With her extensive knowledge of classical ballet and modern dance
techniques, Lunn began to work on adapting her skills to the
wheelchair. Her husband modified a chair for her to dance in,
creating a vehicle which was both lightweight and able to respond to
the shift in her body weight, and the long process of discovering a
new way of dancing began.
While blazing a trail in her own life, it soon became clear that
there were many other performers with disabilities struggling to win
their right to get up on stage like any able-bodied actor or dancer.
True to form, Lunn tackled the situation vigorously, becoming a
prominent activist on disability issues.
She has been placed on the boards of numerous organizations, ranging
from Actors' Equity to the National Board of the American Federation
of Television and Radio Artists. Lunn tries to play down these
achievements, but is willing to admit that "I have helped to get
laws passed. Depending on who you talk to, I'm quite a
troublemaker".
She established her own company in 1994, employing dancers with and
without disabilities. Lunn concentrated on teacher-training, with
the rationale that if more dancers with disabilities were going to
find success in professional dance, they would need informed
training. "I teach teachers how to transpose the work that they're
already doing. Everyone gets so panicky about wheelchairs, but the
chair is an inanimate object - it doesn't do the dancing."
And crucially, she focuses on getting teachers to forget about the
chair and remembering to teach the student - to Lunn, the question
of perception is the main problem that has to be overcome. "The
biggest obstacle that Infinity Dance Theater faces is the
non-disabled world's fear that it's going to be pathetic," she says,
bun in practice, Lunn and her company regularly leave their
audiences overwhelmed. Lunn teaches six professional ballet classes
a week, and makes an effort to teach a class in every country the
company visits - she'll be at Scottish Ballet for one such class.

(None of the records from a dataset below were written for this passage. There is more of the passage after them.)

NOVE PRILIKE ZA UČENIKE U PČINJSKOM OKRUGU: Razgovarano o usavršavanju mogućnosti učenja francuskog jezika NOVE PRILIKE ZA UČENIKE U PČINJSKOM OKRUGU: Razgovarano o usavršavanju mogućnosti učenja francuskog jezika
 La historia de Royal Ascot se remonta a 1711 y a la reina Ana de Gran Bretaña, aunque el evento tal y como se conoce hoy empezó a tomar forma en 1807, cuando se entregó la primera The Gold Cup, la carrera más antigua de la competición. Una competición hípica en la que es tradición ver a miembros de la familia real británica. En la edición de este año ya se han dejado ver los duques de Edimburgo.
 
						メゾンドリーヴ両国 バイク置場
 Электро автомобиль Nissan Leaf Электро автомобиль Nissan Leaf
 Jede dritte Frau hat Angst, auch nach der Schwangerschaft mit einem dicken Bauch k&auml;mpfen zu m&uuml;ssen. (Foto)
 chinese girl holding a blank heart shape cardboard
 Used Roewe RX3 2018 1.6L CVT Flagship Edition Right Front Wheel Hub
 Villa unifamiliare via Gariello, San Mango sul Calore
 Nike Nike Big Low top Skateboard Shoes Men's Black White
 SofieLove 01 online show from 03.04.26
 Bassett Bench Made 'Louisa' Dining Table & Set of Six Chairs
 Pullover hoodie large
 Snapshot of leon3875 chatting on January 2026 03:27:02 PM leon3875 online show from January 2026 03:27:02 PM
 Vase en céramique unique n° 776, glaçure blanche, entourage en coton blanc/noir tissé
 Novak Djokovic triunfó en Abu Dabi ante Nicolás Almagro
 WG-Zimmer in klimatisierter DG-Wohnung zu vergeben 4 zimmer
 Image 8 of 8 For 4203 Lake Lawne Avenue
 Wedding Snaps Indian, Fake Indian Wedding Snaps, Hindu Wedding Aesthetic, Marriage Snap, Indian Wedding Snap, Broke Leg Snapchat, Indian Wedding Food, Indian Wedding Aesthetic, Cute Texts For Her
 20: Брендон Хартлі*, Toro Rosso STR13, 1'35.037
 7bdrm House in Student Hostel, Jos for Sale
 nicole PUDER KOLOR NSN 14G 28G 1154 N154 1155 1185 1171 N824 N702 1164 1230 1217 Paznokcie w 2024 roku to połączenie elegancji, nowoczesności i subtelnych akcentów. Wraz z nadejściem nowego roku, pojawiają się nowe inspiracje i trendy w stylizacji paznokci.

She recalls a visit to Italy where the company was not only unused
to having a teacher in a wheelchair, few of them spoke English
either. Typically, Lunn refused to recognize a barrier. "The
language of the ballet class is universal and I can do more to
create an understanding by participating in a mainstream way," she
says.
As well as the Scottish programme, she will bring a collection of
modern dance performances to Glasgow, describing it as an eclectic
repertoire featuring her own solo work as well as ensemble pieces.
One work features dancer/choreographer Jeffrey Freeze in a ballet
inspired by Tennessee Williams's The Glass Menagerie. Freeze dances
the role of the mother, though Lunn says this version is "not a
comedy, not a farce. It goes all the way back to Shakespeare's time,
when women weren't permitted to be on the stage and so men did all
of the female roles". With a multi-generational company that
features dancers in their fifties, Lunn seems impervious to
traditional restraints.
Her strength and beliefs have not just transformed her own life,
they have spilled over into the lives of those around her. She has
the power to inspire. "What I've learned on this 15-year journey is
that the dancer inside me doesn't care that I use a wheelchair," she
says. "It has more to do with what's in my soul than it has to do
with what my legs can or cannot do. If you are angry with your
instrument, you are not going to be able to produce anything
beautiful from it; it's perfect the way that it is."
"I didn't say it was convenient, but it is perfect."